Unfunded retirement looms over Regents meeting

Facing a possible $40 billion budget deficit, the University of California Board of Regents unanimously voted to increase UC contributions to its retirement fund.

Dozens of UC employees picketed outside the meeting room at the UCSF Mission Bay campus Sept. 16. Workers said this is the first vote in a series of decisions that could hurt their pensions while benefiting higher-paid employees.

UC officials said action is necessary to ensure the university’s financial longevity.

“It is impossible to just let everything go along as it is without jeopardizing the long-term security of the people who are working here,” UC President Mark Yudof said at the meeting.

In May, UC employees began contributing 2 percent of their salaries toward retirement while the university contributed 4 percent. Starting in July 2011, employees must contribute 3.5 percent and the university will contribute 7 percent. In July 2012, the percentages go up to 5 and 10 percent, respectively.

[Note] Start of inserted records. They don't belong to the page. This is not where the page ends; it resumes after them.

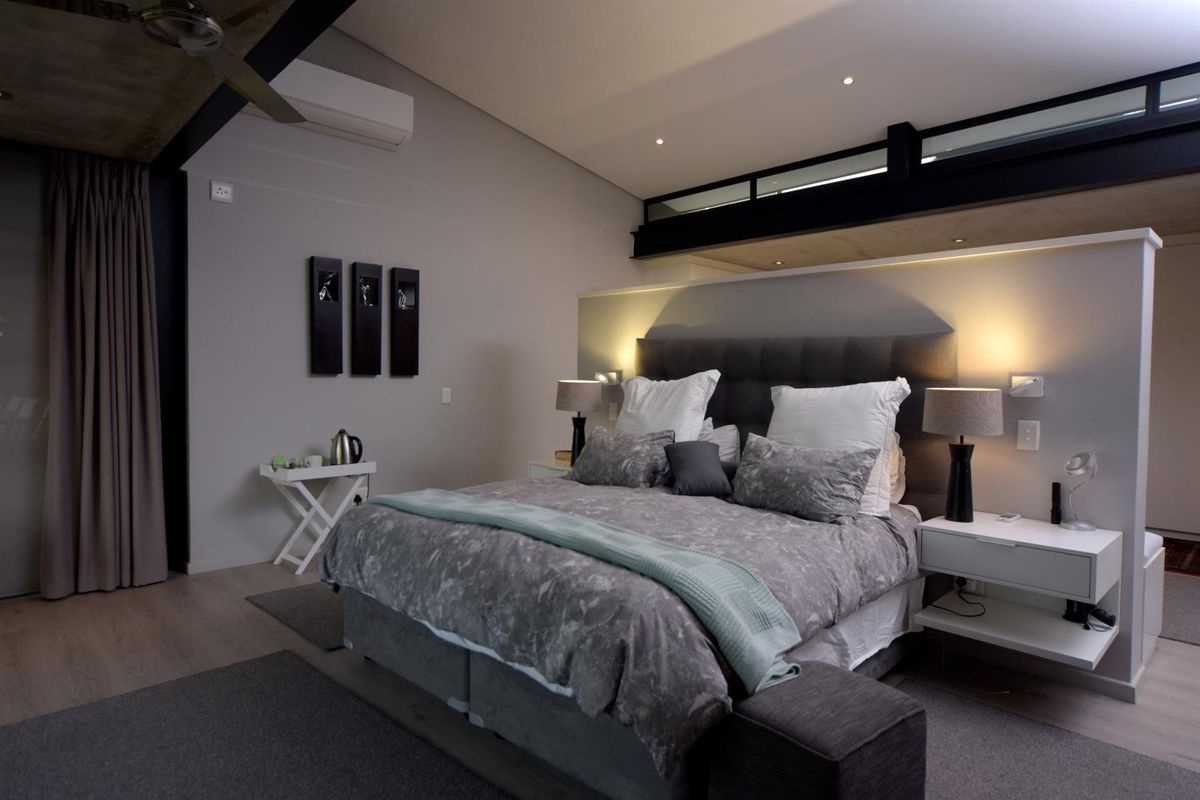 A modern, well-appointed bedroom featuring a split-level ceiling design, integrated lighting, and a wall-mounted air conditioning unit.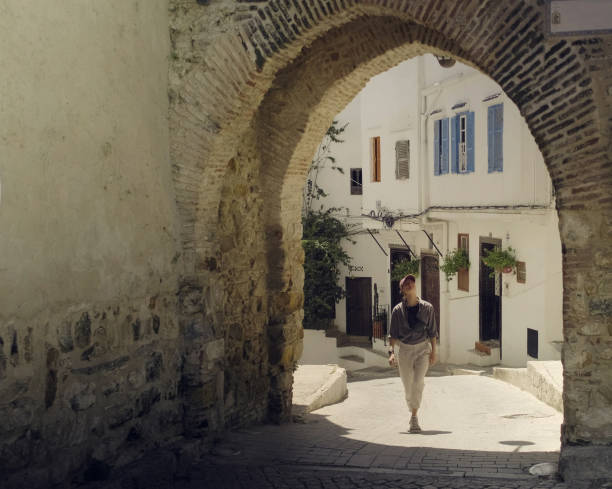 istock Young woman walks under stone arch 2156812944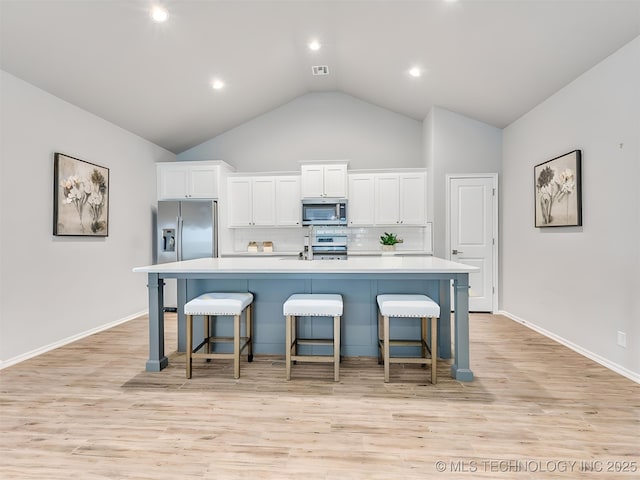 7809 S Redbud Ave, Broken Arrow, OK 74011 - kitchen featuring appliances with stainless steel finishes, a large island, decorative backsplash, white cabinets, and high vaulted ceiling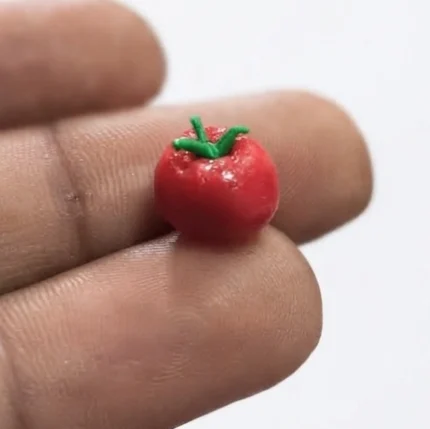 Charming miniature red tomato figurine product, ideal for dollhouse scenes or tiny displays, adding garden realism.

Under the current retirement plan, the unfunded liability is $21 billion – roughly the size of the university’s annual budget. UC analysts say the unfunded pension could soar to $40 billion in less than five years if no action is taken.

The shortfall exists in part because before May UC hadn’t added to the retirement fund in two decades. Yudof formed a Post-Employment Benefits Task Force in March to search for ways to fill in the gap. The increased contributions were one of several recommendations the task force released in a report last month.

In addition to employee contributions, the proposals reduce the pensions themselves. For employees earning up to $60,000, their pensions would decrease from 75 percent of their salary to 45 or 60 percent.

“Some of the lowest-paid yet hardest-working employees at UC are actually eligible for public assistance,” said Wendi Felson, a retired UCSF employee and union leader, during a public comment period. “And yet this is the pension you’re proposing. That is just plain stealing from the poor.”

The proposals maintain that Social Security would give these lower-wage workers close to their full salary regardless.

Employees earning over $120,000 would still get 75 percent of their salary but would also have to contribute more.

The 250 highest paid employees would receive a percentage of $360,000 as their pensions, instead of the federal limit of $245,000, due to a waiver from the Internal Revenue Service.

The task force made several additional recommendations, such as raising the minimum retirement age from 50 to 55 and requiring employees to work until age 65 instead of 60 in order to receive maximum pension benefits.

Regents will study the proposals this fall and discuss them in their meeting in November, ultimately voting on the proposals in December.

Daniel Simmons, chair of the Academic Senate, said he and other faculty members agreed with the regents’ decision.

“As painful as it is, the Academic Senate does support the increase in contributions called for in this item,” he said. “But make no mistake, it is a pay cut for all faculty and staff.”

UC officials said they were lobbying lawmakers in Sacramento to contribute to the retirement fund, since the state does so for the California State University and California Community Colleges systems.

“The state is not contributing at all to our employees,” Yudof said. “That’s a gross inequity.”